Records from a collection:
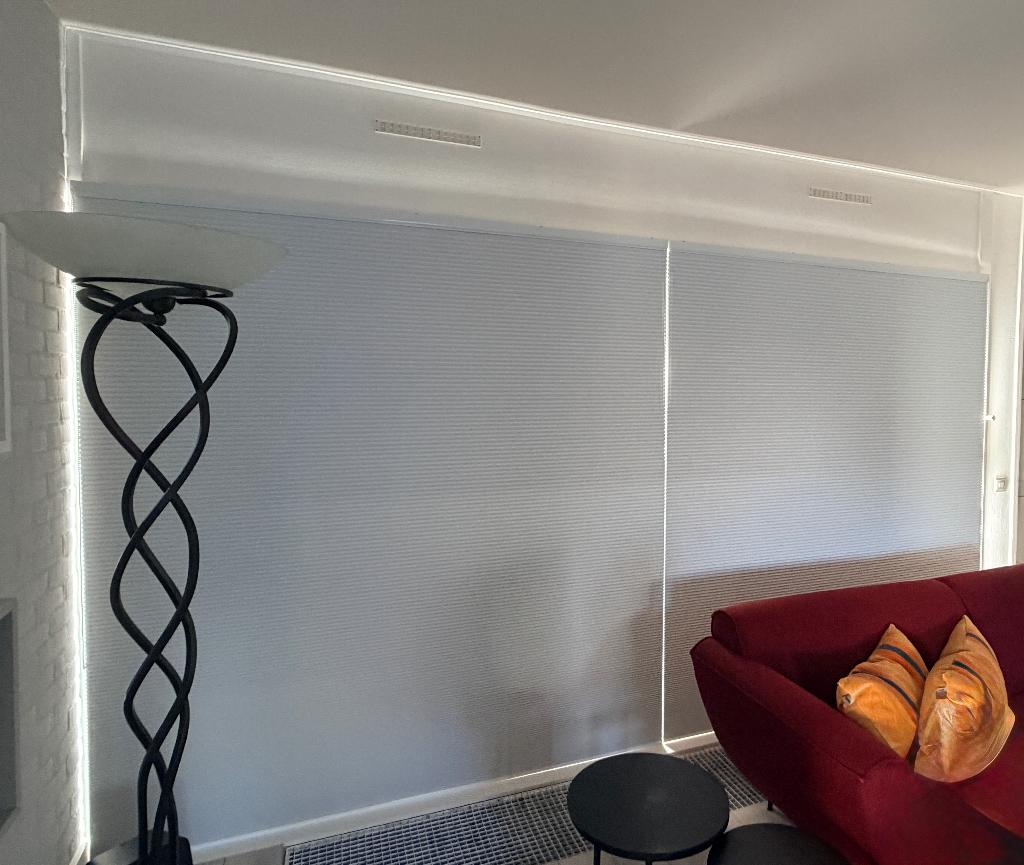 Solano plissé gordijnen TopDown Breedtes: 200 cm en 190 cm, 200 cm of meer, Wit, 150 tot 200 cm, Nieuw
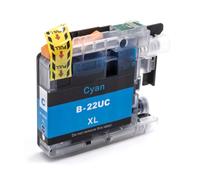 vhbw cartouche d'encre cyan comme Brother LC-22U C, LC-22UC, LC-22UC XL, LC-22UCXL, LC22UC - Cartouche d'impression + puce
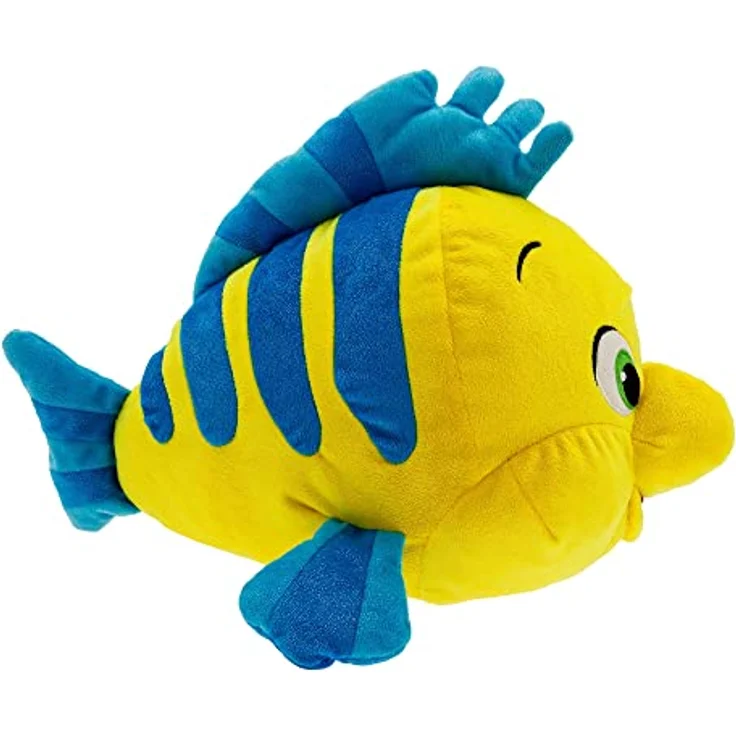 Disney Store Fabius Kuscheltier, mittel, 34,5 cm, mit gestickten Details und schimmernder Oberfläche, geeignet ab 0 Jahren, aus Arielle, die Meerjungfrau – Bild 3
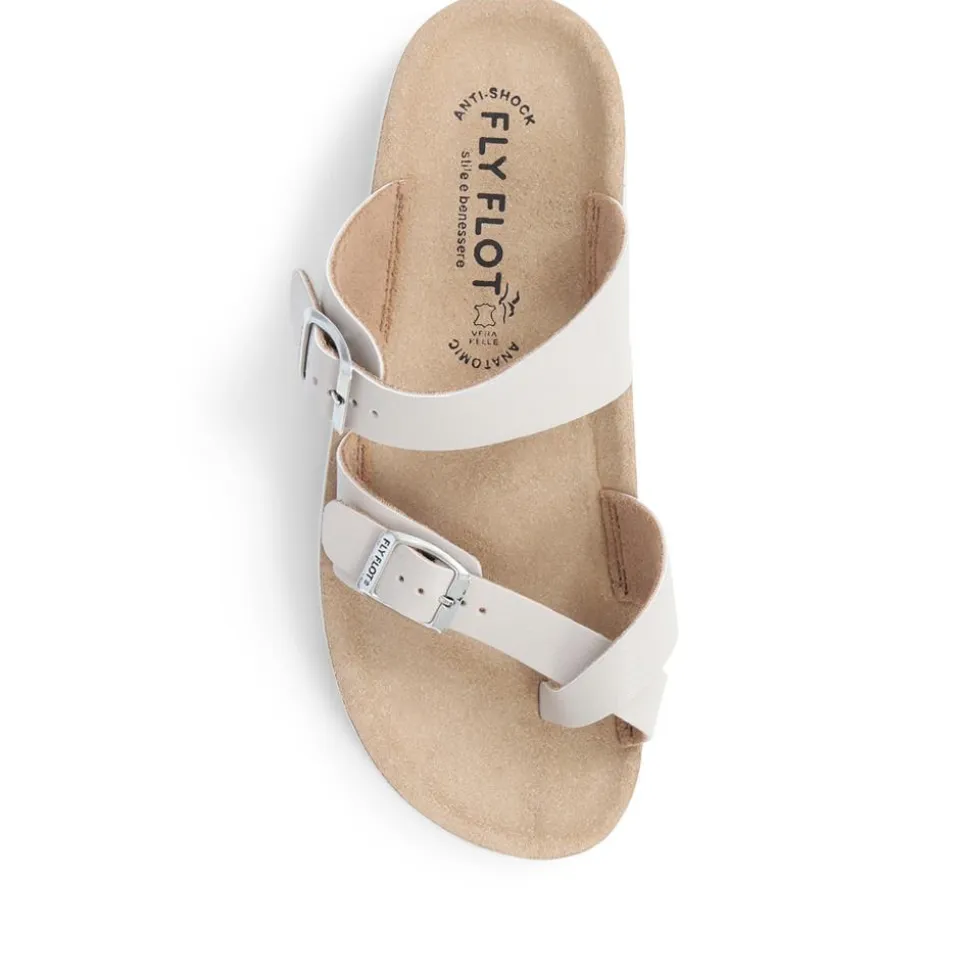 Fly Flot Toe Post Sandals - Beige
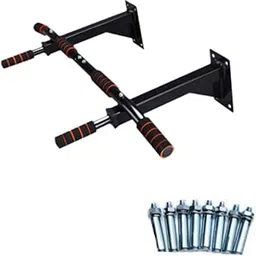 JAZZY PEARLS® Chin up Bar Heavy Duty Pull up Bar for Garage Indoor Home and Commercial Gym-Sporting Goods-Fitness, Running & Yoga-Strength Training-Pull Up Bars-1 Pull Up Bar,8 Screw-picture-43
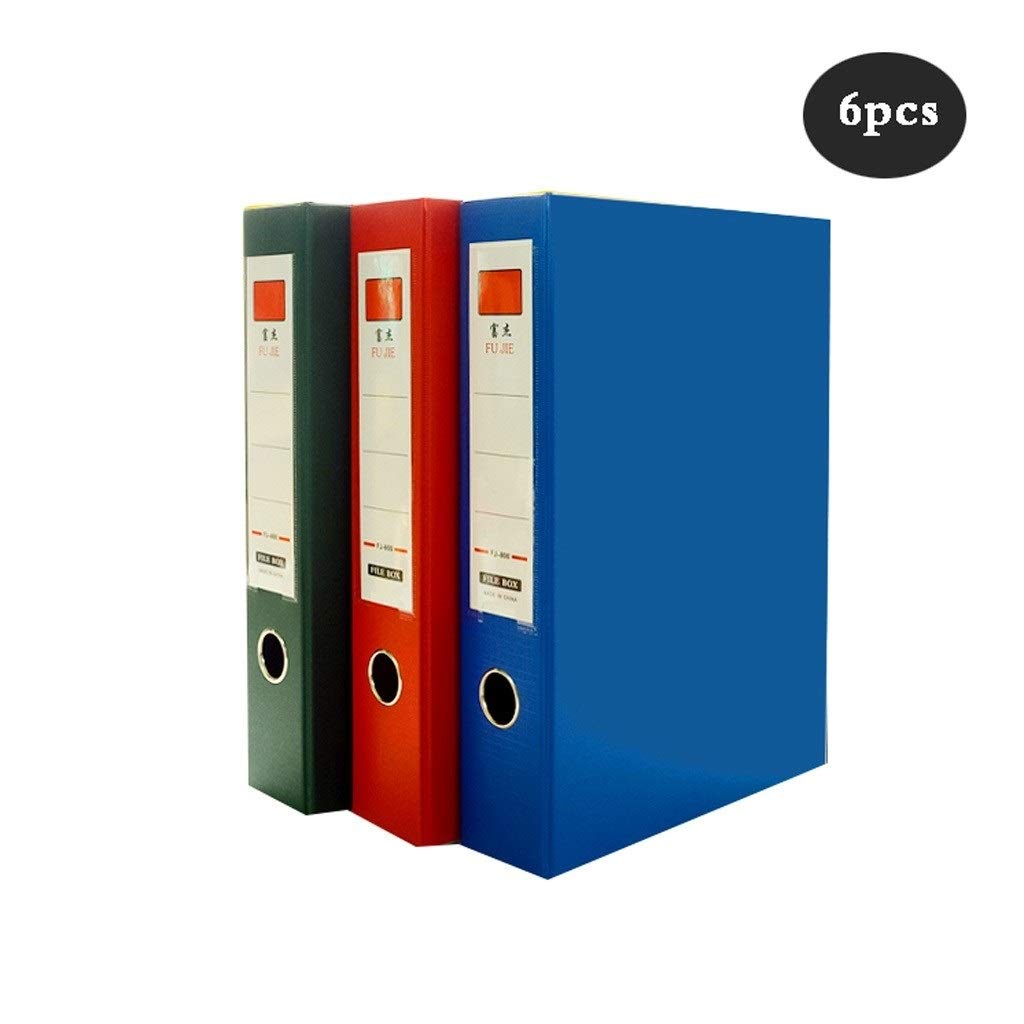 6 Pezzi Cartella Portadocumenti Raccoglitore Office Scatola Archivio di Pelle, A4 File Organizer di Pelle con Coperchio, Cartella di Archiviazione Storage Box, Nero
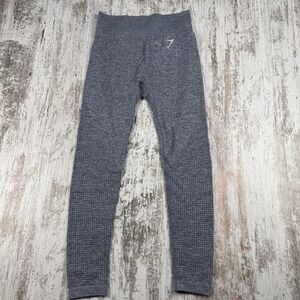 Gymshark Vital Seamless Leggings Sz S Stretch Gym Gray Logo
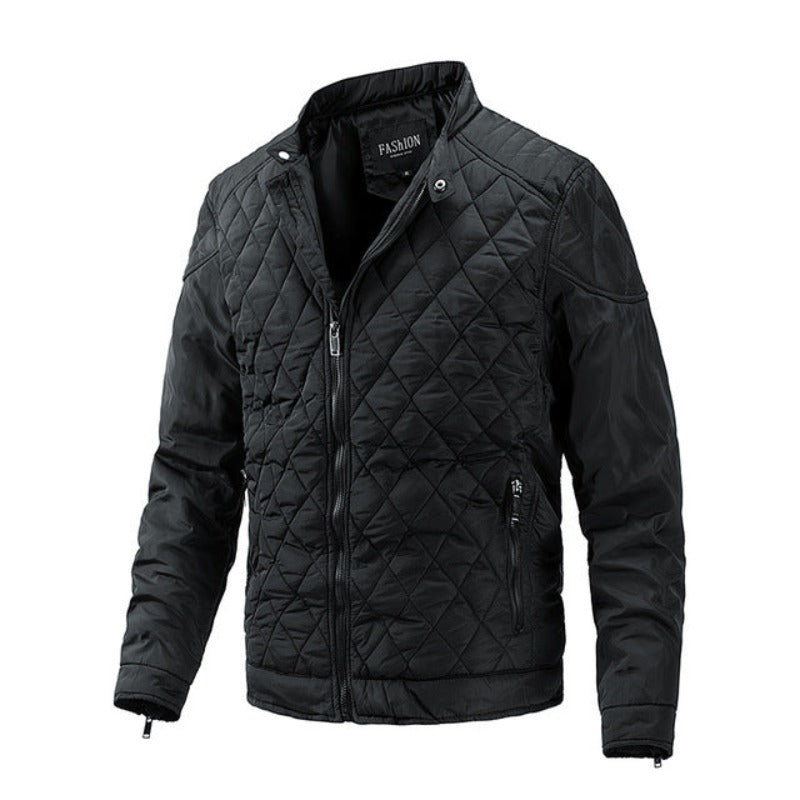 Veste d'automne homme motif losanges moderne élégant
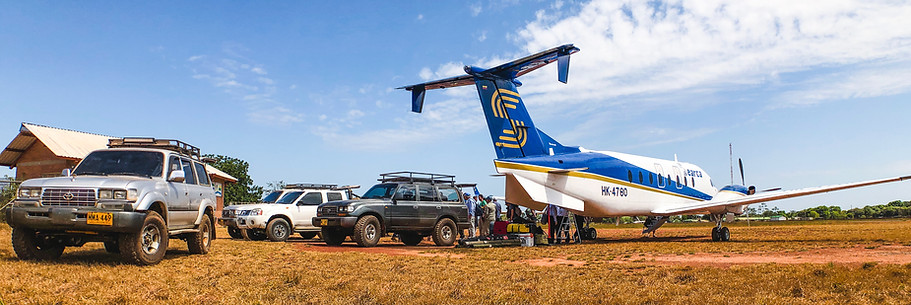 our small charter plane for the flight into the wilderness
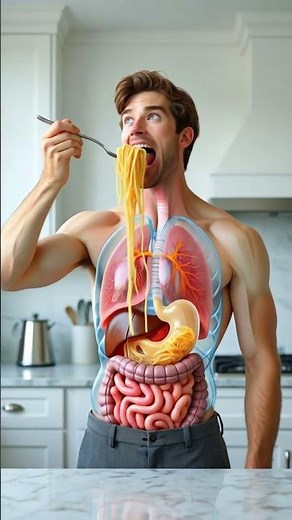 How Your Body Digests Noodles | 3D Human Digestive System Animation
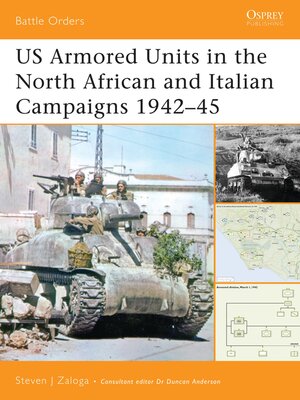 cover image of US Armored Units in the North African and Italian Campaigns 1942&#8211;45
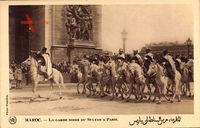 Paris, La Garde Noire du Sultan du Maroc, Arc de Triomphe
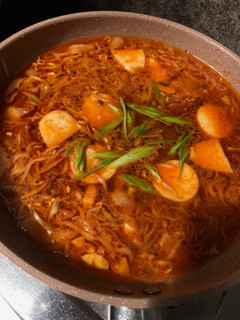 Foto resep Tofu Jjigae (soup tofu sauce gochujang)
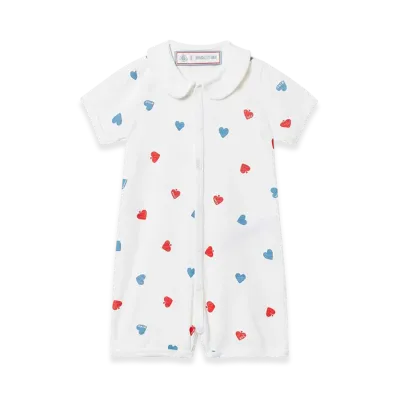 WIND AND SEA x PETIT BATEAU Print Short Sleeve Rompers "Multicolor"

== What to do ==
Return every record exactly, without the pictures.

== Answer area ==
 Solano plissé gordijnen TopDown Breedtes: 200 cm en 190 cm, 200 cm of meer, Wit, 150 tot 200 cm, Nieuw
 vhbw cartouche d'encre cyan comme Brother LC-22U C, LC-22UC, LC-22UC XL, LC-22UCXL, LC22UC - Cartouche d'impression + puce
 Disney Store Fabius Kuscheltier, mittel, 34,5 cm, mit gestickten Details und schimmernder Oberfläche, geeignet ab 0 Jahren, aus Arielle, die Meerjungfrau – Bild 3
 Fly Flot Toe Post Sandals - Beige
 JAZZY PEARLS® Chin up Bar Heavy Duty Pull up Bar for Garage Indoor Home and Commercial Gym-Sporting Goods-Fitness, Running & Yoga-Strength Training-Pull Up Bars-1 Pull Up Bar,8 Screw-picture-43
 6 Pezzi Cartella Portadocumenti Raccoglitore Office Scatola Archivio di Pelle, A4 File Organizer di Pelle con Coperchio, Cartella di Archiviazione Storage Box, Nero
 Gymshark Vital Seamless Leggings Sz S Stretch Gym Gray Logo
 Veste d'automne homme motif losanges moderne élégant
 our small charter plane for the flight into the wilderness
 How Your Body Digests Noodles | 3D Human Digestive System Animation
 cover image of US Armored Units in the North African and Italian Campaigns 1942&#8211;45
 Paris, La Garde Noire du Sultan du Maroc, Arc de Triomphe
 Foto resep Tofu Jjigae (soup tofu sauce gochujang)
 WIND AND SEA x PETIT BATEAU Print Short Sleeve Rompers "Multicolor"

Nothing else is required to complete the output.